# Solar FREAKIN' Roadways



## LemursGT (May 29, 2014)

My $.02: This is an outrageous idea that even the inventors don't take seriously, but because it is outrageous, it's BRILLIANT as a marketing awareness tool to bring money and attention to their company and technology. It is brilliantly executed (SOLAR! FREAKIN! ROADWAYS!) and that awareness can pave the way for ACTUAL usage of their invention.

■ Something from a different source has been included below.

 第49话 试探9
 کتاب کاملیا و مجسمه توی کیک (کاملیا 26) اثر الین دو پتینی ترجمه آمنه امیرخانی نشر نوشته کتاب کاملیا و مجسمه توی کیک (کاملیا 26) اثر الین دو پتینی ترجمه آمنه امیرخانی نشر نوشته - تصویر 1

High traffic roadways will never be suitable for the solution as they've proposed it, for reasons others have laid out. Mostly: Because physics. That said, in low-traffic environments it could be prove cost effective and beneficial. Low-speed driveways, parking lots, etc could provide localized power at an upsell cost over simple repaving. With the right financing and service plans, this could work nicely. Think about how under-stressed residential driveways are. Seems like a potential application, no? With the right cost improvements, it could prove an interesting way of supplementing power generation via under-utilized spaces, just like many residential solar installations are doing now.


----------



## Scrabbletray (Apr 27, 2014)

If you really want to find a way to use roads to help fight global warming the best thing to do is to just paint them all white. Everyone is always trying to look at reducing CO2, but reflecting light away from the earth is just as effective.


----------



## RobynC (Jun 10, 2011)

@_LemursGT
_
It's brilliant in concept, but it could require enormous energy to implement, maintain; then there's the fact that as I described, it could be used as a surveillance nightmare.


----------



## LemursGT (May 29, 2014)

RobynC said:


> @_LemursGT
> _
> It's brilliant in concept, but it could require enormous energy to implement, maintain; then there's the fact that as I described, it could be used as a surveillance nightmare.


Agreed. That's why I think small private installations are the place where it actually has some promise. A home driveway or a Target parking lot are reasonable physical environments in comparison to a real roadway, assuming they can bring the costs into line. THAT is a much less sexy viral internet campaign than "SOLAR! FREAKIN'! ROADWAYS!" ...which is why I think it's just a smart smokescreen, despite their protests otherwise.


----------



## RobynC (Jun 10, 2011)

@LemursGT

1. People already have solar panels on roofs.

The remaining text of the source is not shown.